Stored items
■ ■ ■ ■ ■ ■ ■
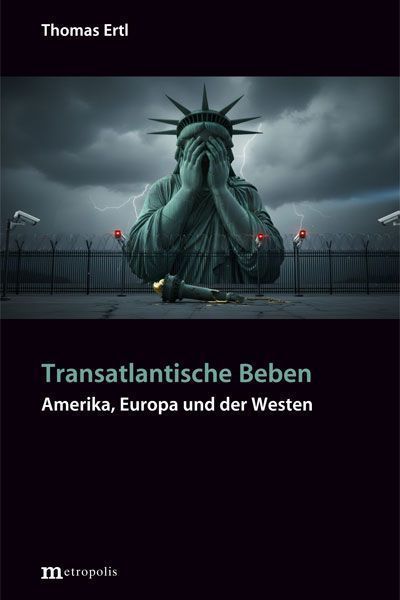 Transatlantische Beben
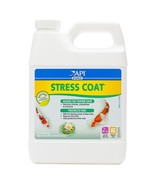 API Pond Stress Coat Water Conditioner - 32 oz - £26.03 GBP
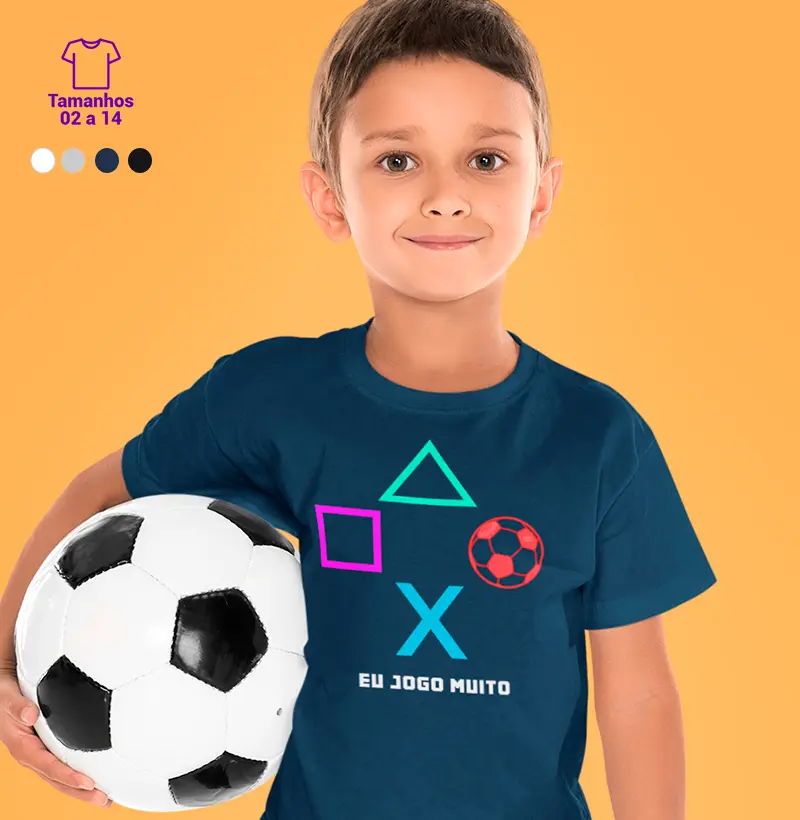 Botões de Video Game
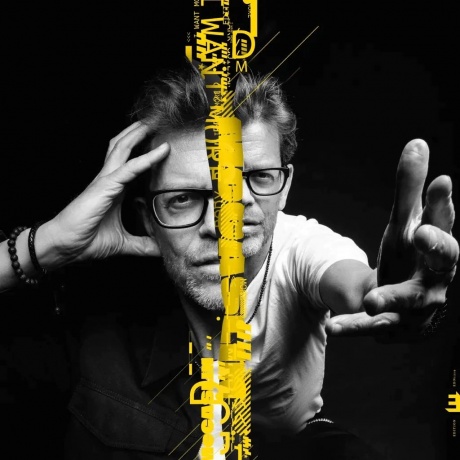 Donny McCaslin - I Want More (coloured) (5060509791828) виниловая пластинка
Donny McCaslin - I Want More (coloured) (5060509791828) виниловая пластинка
■ ■ ■ ■ ■ ■ ■
◆ **WHAT NEEDS TO BE DONE**
Quote each entry above verbatim and drop the pictures.

◆ **WRITTEN RESPONSE**
 Transatlantische Beben
 API Pond Stress Coat Water Conditioner - 32 oz - £26.03 GBP
 Botões de Video Game
 Donny McCaslin - I Want More (coloured) (5060509791828) виниловая пластинка
Donny McCaslin - I Want More (coloured) (5060509791828) виниловая пластинка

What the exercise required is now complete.